Cheap AND Good.
October 26, 2015 7:29 PM   Subscribe

 
GAH.

I hate everyone finding out the secrets of bourbon. With the recent boom and everyone wanting bourbon, there are a few things that are still a secret on the shelf as far as price to quality, and articles like this are exposing the business.

I remember going into the liquor store a few months ago and that Old Granddad Bottled in Bond had risen $5 on the shelf. There are still 3 go-to bottles, all under 20 per fifth, that I'll never tell a soul about because I'm being greedy and want them for myself. One is under 10, one just over 10, and one right at 20. The one over 10 is a Bottled-In-Bond, and the one at 20 is actually over 100 proof. And they're some of my favorite bottles.

Now, can't everyone move off to vodka, or gin, or something else? Anything to let my bourbon get back to regular prices?!
posted by deezil at 7:38 PM on October 26, 2015 [10 favorites]


Yeah, I debated whether even to post this. I am a HUGE fan of Henry McKenna BIB, which I picked up on a lark one day. It was on sale for $20, and I stocked up. My stock is gone, and truthfully, alcohol isn't kind to my system for some reason, so I'm afraid I won't be trying the other ones.
posted by Stewriffic at 7:45 PM on October 26, 2015 [2 favorites]

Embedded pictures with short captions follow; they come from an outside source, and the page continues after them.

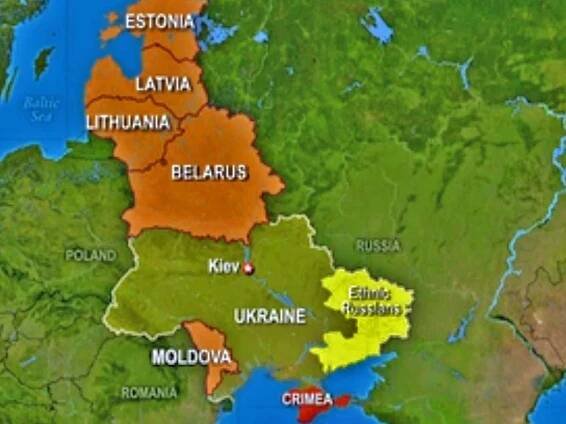 Russia Is Redrawing Borders Of Eastern Europe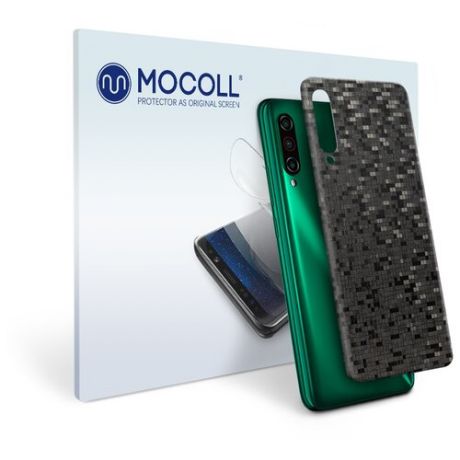 Пленка защитная MOCOLL для задней панели Meizu M5 Тень тетрис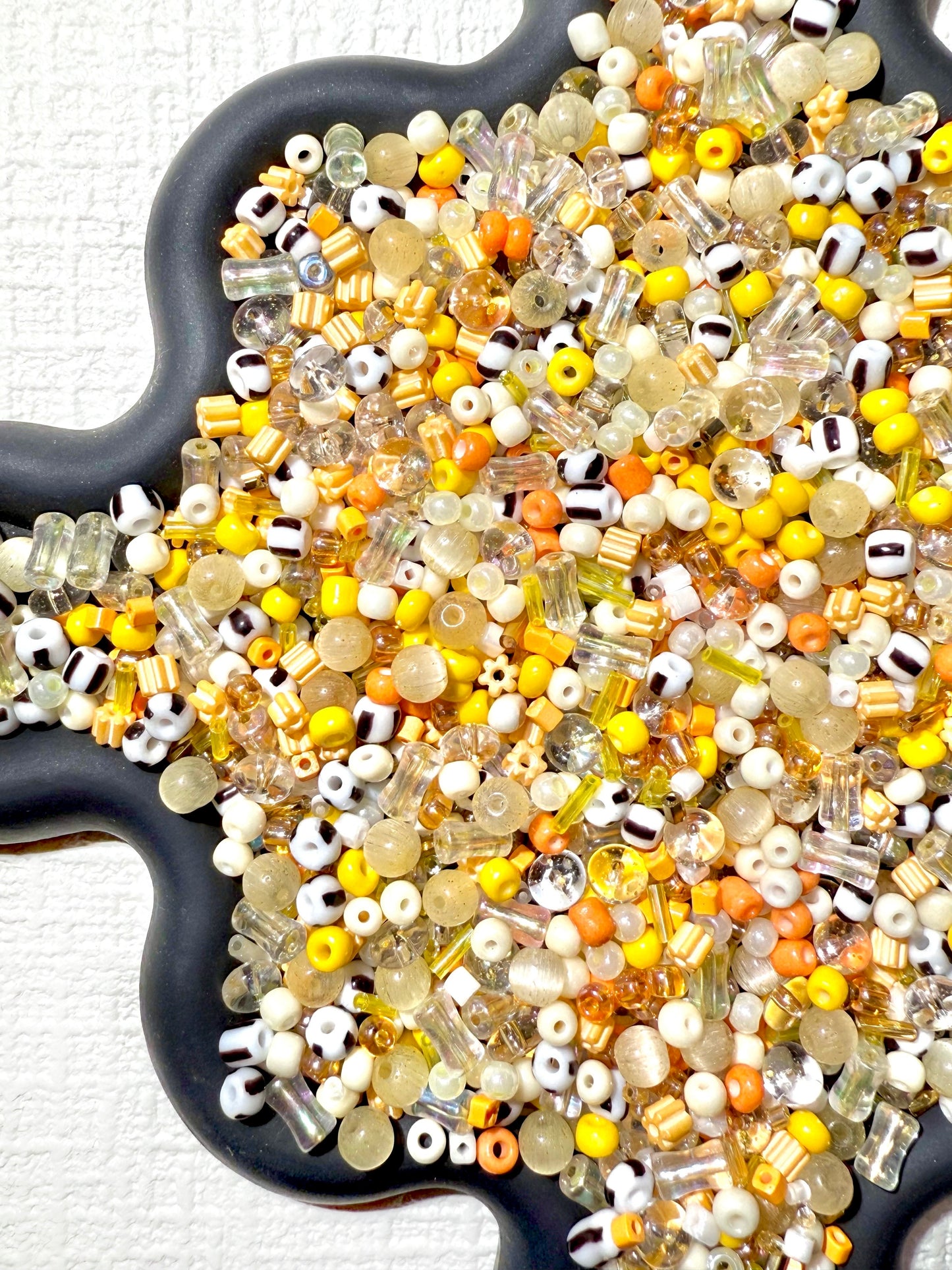 【Seed Beads Collection 2】2-4mm fancy glass seed beads mix, jewelry supplies
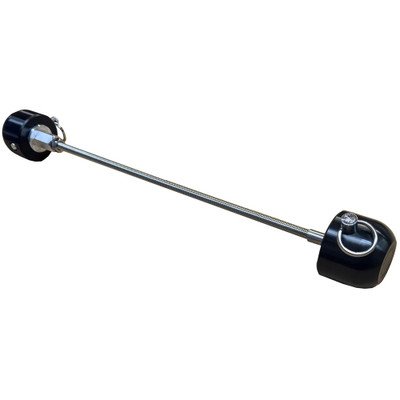 Woodcraft Kawasaki ZX-4RR 2023-2025 Front Axle Slider Kit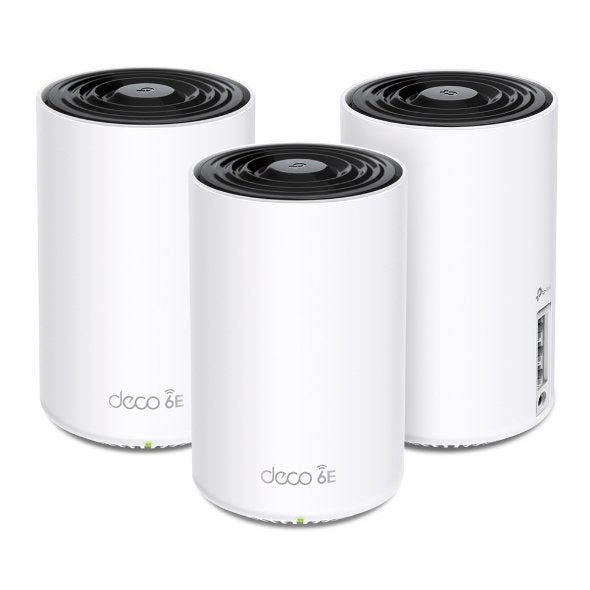 EAN 4897098687147 - TP-Link Deco XE75 Tribanda (2.4 GHz / 5 GHz / 6 GHz) Wi-Fi 6E (802.11ax) Blanco 3 Interno imagen 2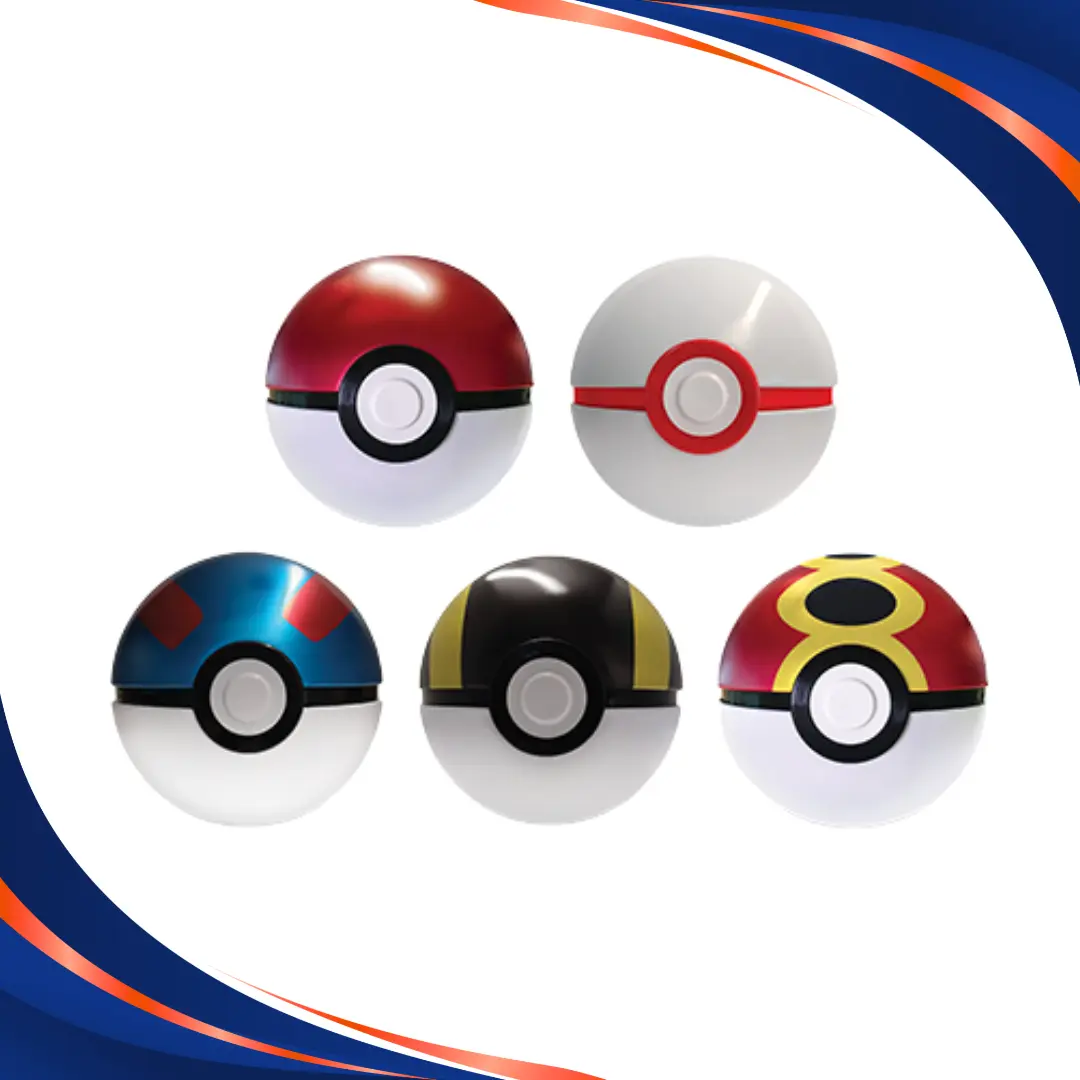 PokeBall Tin (Pick Your PokeBall)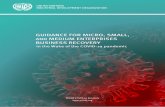 in the Wake of the COVID-19 pandemic · 2020-05-18 · Rehabilitation And Recovery Prevention And Mitigation This guidance treats the COVID-19 epidemic as a disaster. A disaster can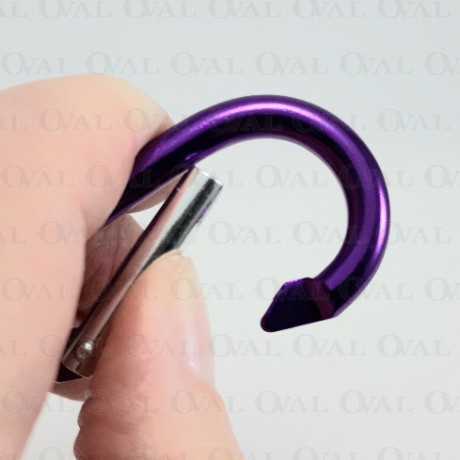 Aluminium carabiner 4013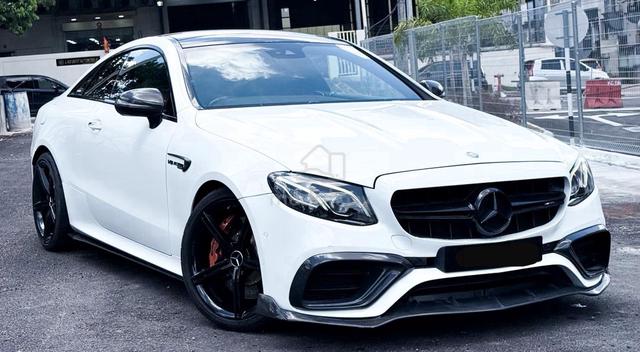 2018 Mercedes Benz E300 2.0 COUPE AMG WRT 5 YEAR - 1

Even my precious Old Crow has gone up like five bucks at the state store. What's a cheap drunk to do? Blends? Canadian? Aghhhhhhh
posted by Drinky Die at 7:45 PM on October 26, 2015


I came in to say exactly the same thing deezil. First they ruined Old Overholt, now Old Grandad? Baaaaaah
posted by Potomac Avenue at 7:46 PM on October 26, 2015


Let's all pick a shitty vodka and drink it for a year. Then everyone will move on to Popov or whatever and whiskey will go back to being affordable. Yea/no?
posted by Potomac Avenue at 7:48 PM on October 26, 2015 [3 favorites]


I'll let on to my under 10 pick. Benchmark. It's basically very young Buffalo Trace. Great mixer. Don't trust it to hold up to a splash and a cube. Not built for that. But for a mixed drink / cocktail, that's the bang for your buck.
posted by deezil at 7:48 PM on October 26, 2015 [1 favorite]


Yeah, Rittenhouse prices have been creeping up, and bottles are a bit harder to come by lately.

*Flagged for wrecking my rye budget.
posted by notyou at 7:49 PM on October 26, 2015 [4 favorites]


Let's all pick a shitty vodka and drink it for a year. Then everyone will move on to Popov or whatever and whiskey will go back to being affordable. Yea/no?

I do know a pretty classy cocktail that works fine with cheap vodka...
posted by Drinky Die at 7:49 PM on October 26, 2015 [2 favorites]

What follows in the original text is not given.